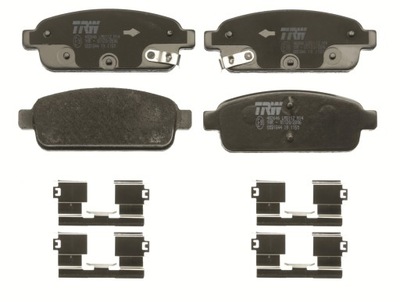 TRW ZAPATAS DE FRENADO OPEL T. ASTRA J 09-/ZAFIRA C 11- DISCO 292MM  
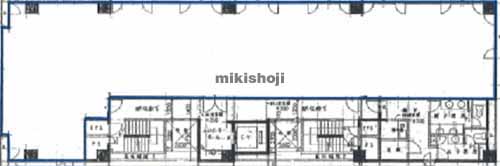 新横浜のＴＨＥ ＰＯＲＴＡＬ ＳＨＩＮ－ＹＯＫＯＨＡＭＡ 平面1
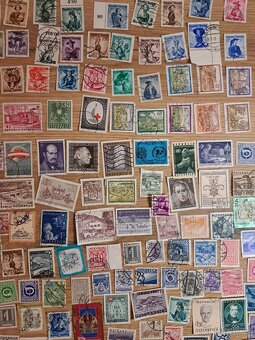 Sbírka známek Rakouska - 6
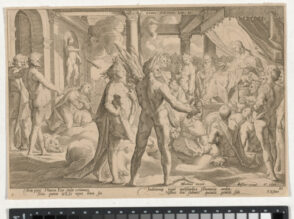 Phaeton Demanding of the Sun to Draw His Chariot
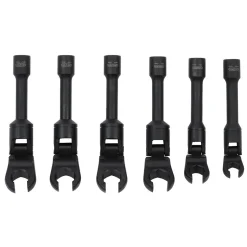 Diesel Injection Wrench Set (6 Piece)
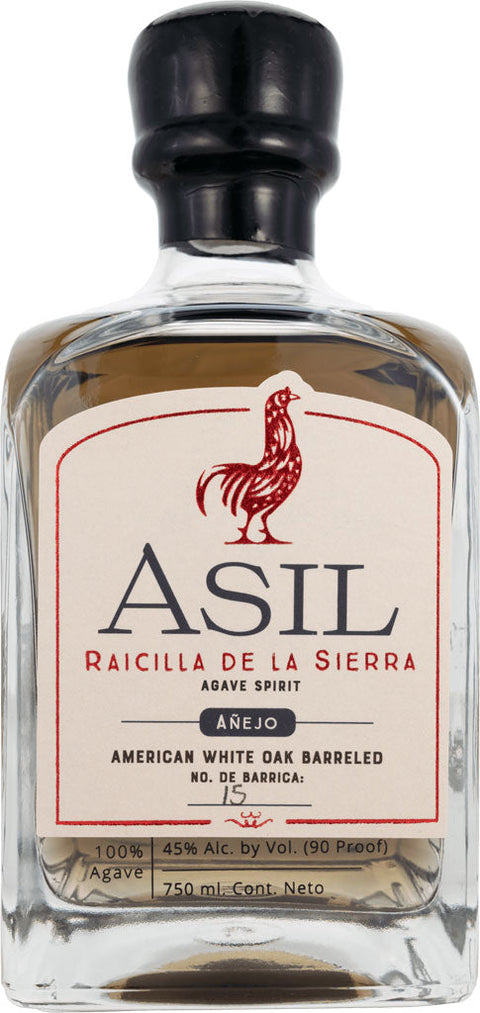 Asil Raicilla de la Sierra Anejo 750ml bottle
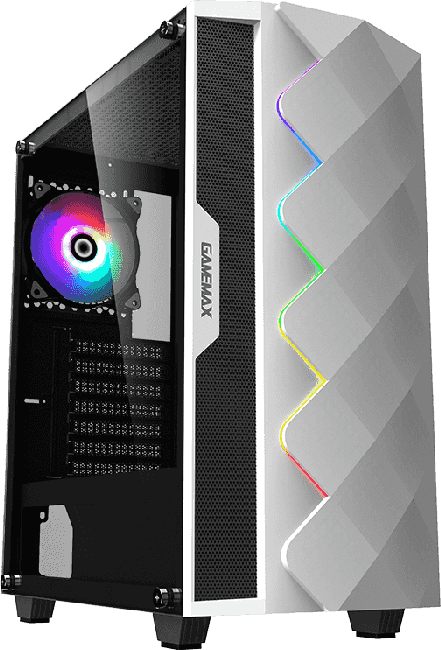 i5-12400F/ B760M-HDV/M.2/ SE-903-XT W/ 8 + 8 DDR4/ 500 Gb NVMe/ RTX5060 8 Gb PALIT/ Diamond COC W/ GM-500W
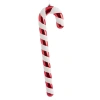 North Pole Trading Co . Oversized Candy Cane Christmas Ornament In Red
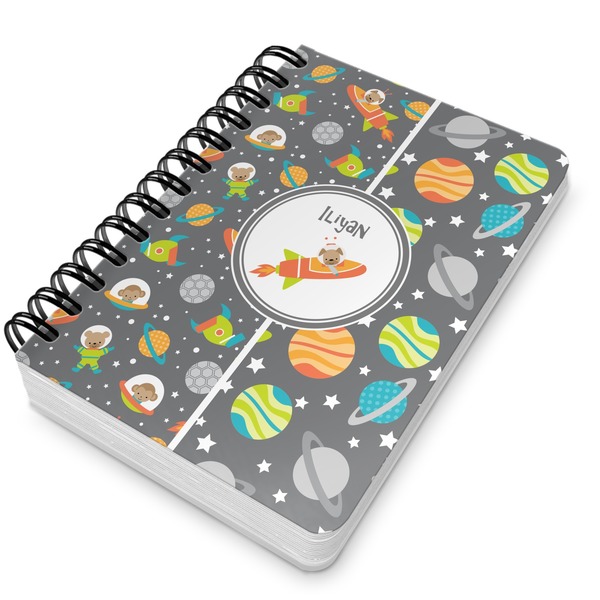 Space Explorer Spiral Journal 5 x 7 - Main
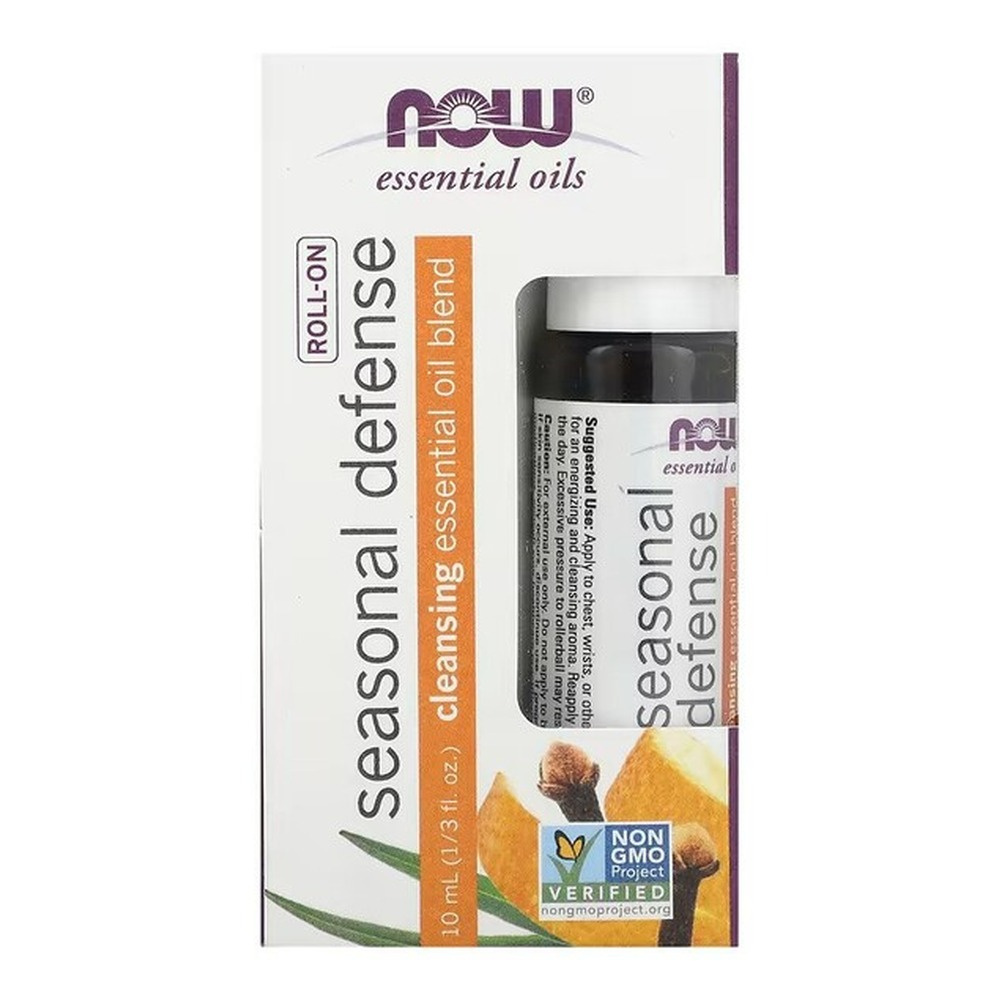 Essential Oil Roll-On, Seasonal Defense - 10 ml.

───

# To do
Without including any pictures, print all of the material exactly as given.

# Exercise response
 TRW ZAPATAS DE FRENADO OPEL T. ASTRA J 09-/ZAFIRA C 11- DISCO 292MM  
 新横浜のＴＨＥ ＰＯＲＴＡＬ ＳＨＩＮ－ＹＯＫＯＨＡＭＡ 平面1
 Sbírka známek Rakouska - 6
 Phaeton Demanding of the Sun to Draw His Chariot
 Diesel Injection Wrench Set (6 Piece)
 Asil Raicilla de la Sierra Anejo 750ml bottle
 i5-12400F/ B760M-HDV/M.2/ SE-903-XT W/ 8 + 8 DDR4/ 500 Gb NVMe/ RTX5060 8 Gb PALIT/ Diamond COC W/ GM-500W
 North Pole Trading Co . Oversized Candy Cane Christmas Ornament In Red
 Space Explorer Spiral Journal 5 x 7 - Main
 Essential Oil Roll-On, Seasonal Defense - 10 ml.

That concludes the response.